First of all: For the same plaintext and the same key always the same ciphertext is generated in ECB mode!
If a WordArray is used as second parameter, then CryptoJS.AES.encrypt performs an encryption with a key and the resulting ciphertexts are identical as expected (here):
function encryptWithKey(plaintext, key){
var encrypted = CryptoJS.AES.encrypt(plaintext, key, { mode: CryptoJS.mode.ECB });
console.log("Ciphertext (Base64):\n" + encrypted.toString()); // Ciphertext
var decrypted = CryptoJS.AES.decrypt(encrypted.toString(), key, { mode: CryptoJS.mode.ECB });
console.log("Decrypted:\n" + decrypted.toString(CryptoJS.enc.Utf8)); // Plaintext
}
var key = CryptoJS.enc.Hex.parse('000102030405060708090a0b0c0d0e0f101112131415161718191a1b1c1d1e1f');
encryptWithKey('abc', key);
encryptWithKey('abc', key);
<script src="https://cdnjs.cloudflare.com/ajax/libs/crypto-js/4.0.0/crypto-js.min.js"></script>
But if a string is used as the second parameter, CryptoJS.AES.encrypt performs an encryption with a passphrase and the resulting ciphertexts are different (here). Nevertheless, the decryption of course returns the original plaintext:
function encryptWithPassphrase(plaintext, passphrase){
var encrypted = CryptoJS.AES.encrypt(plaintext, passphrase, { mode: CryptoJS.mode.ECB });
console.log("Ciphertext (OpenSSL):\n" + encrypted.toString()); // Salt and actual ciphertext in OpenSSL format
var decrypted = CryptoJS.AES.decrypt(encrypted.toString(), passphrase, { mode: CryptoJS.mode.ECB });
console.log("Decrypted:\n" + decrypted.toString(CryptoJS.enc.Utf8)); // Plaintext
}
encryptWithPassphrase('abc', '123');
encryptWithPassphrase('abc', '123');
<script src="https://cdnjs.cloudflare.com/ajax/libs/crypto-js/4.0.0/crypto-js.min.js"></script>
Explanation:
During the encryption with a passphrase a random 8 bytes salt is generated from which together with the passphrase the actual key (32 bytes, AES-256) is generated.
The salt is intended to make the use of rainbow tables infeasible.

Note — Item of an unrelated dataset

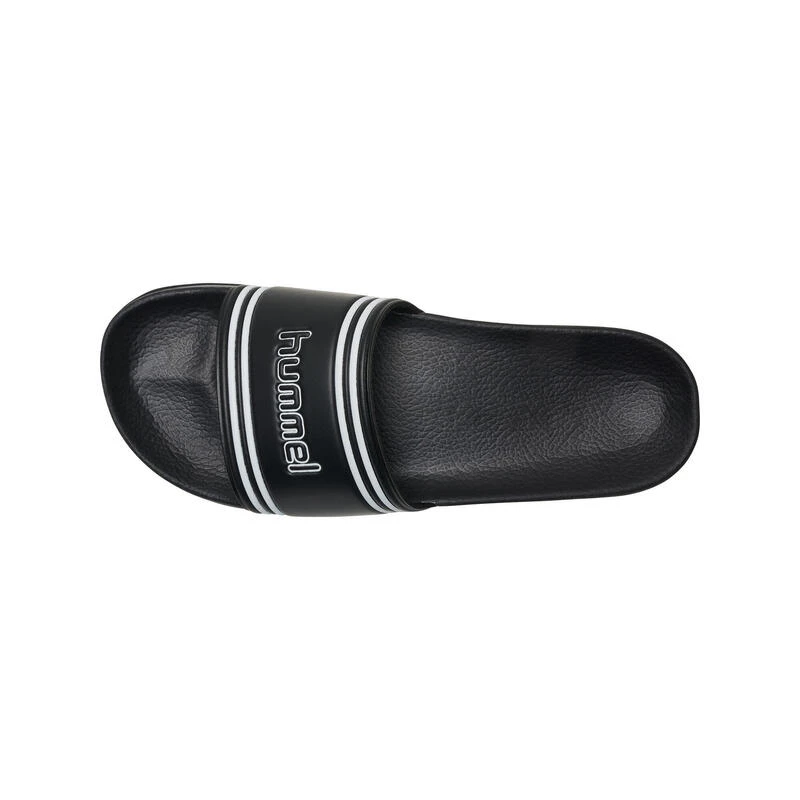 Hummel Sandal & Pool Slippers Pool Slide Retro 9 Hummel Sandal & Pool Slippers Pool Slide Retro – Image 7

Since the salt is generated randomly each time, the resulting keys are different and thus also the ciphertexts.
CryptoJS.AES.encrypt returns a CipherParams object which encapsulates the relevant parameters like salt and actual ciphertext.

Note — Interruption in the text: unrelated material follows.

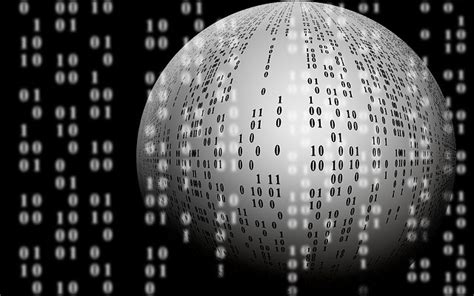 Image result for String Conversion C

toString() converts this object into the OpenSSL format which consists of the ASCII encoding of Salted__, followed by the 8 bytes salt, followed by the actual ciphertext, all together Base64 encoded. For this reason, all ciphertexts begin with U2FsdGVkX1.

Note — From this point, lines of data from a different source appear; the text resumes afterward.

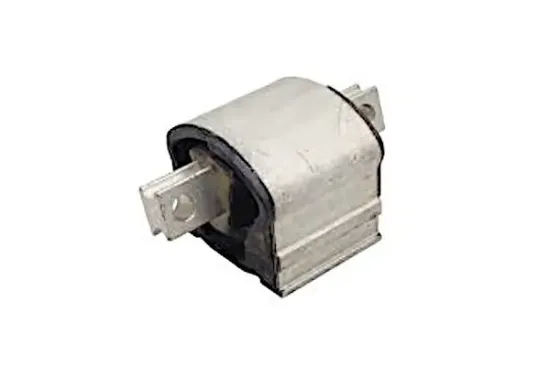 Lagerung, Schaltgetriebe hinten GOOM GM-0083 Bild Lagerung, Schaltgetriebe hinten GOOM GM-0083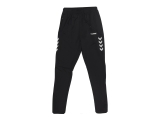Hummel Hose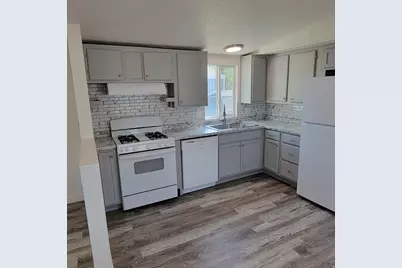 1735 S 1380 W, Logan, UT 84321 - Photo 11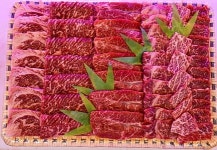 삼촌네고기가게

function encryptWithPassphraseParams(plaintext, passphrase){
var encrypted = CryptoJS.AES.encrypt(plaintext, passphrase, { mode: CryptoJS.mode.ECB });
console.log("Salt (hex):\n" + encrypted.salt); // Salt (hex)
console.log("Key (hex):\n" + encrypted.key); // Key (hex)
console.log("Ciphertext (hex):\n" + encrypted.ciphertext); // Actual ciphertext (hex)
console.log("Ciphertext (OpenSSL):\n" + encrypted.toString()); // Salt and actual ciphertext, Base64 encoded, in OpenSSL format
console.log("\n");
}
encryptWithPassphraseParams('abc', '123');
encryptWithPassphraseParams('abc', '123');
<script src="https://cdnjs.cloudflare.com/ajax/libs/crypto-js/4.0.0/crypto-js.min.js"></script>
Details:
CryptoJS uses the OpenSSL functionality EVB_BytesToKey with the digest MD5 and an iteration count of 1 when deriving the key, which is not very secure. More secure is the use of reliable KDFs such as PBKDF2 and the subsequent encryption with the resulting key.
Apart from security, it should be noted that EVB_BytesToKey does not implement a standard, so this functionality must first be implemented (or copied from the Internet) in libraries where it is not available.
Note: ECB is an insecure mode and should not be used (here), better is authenticated encryption like GCM. More details about CryptoJS can be found in its documentation (here).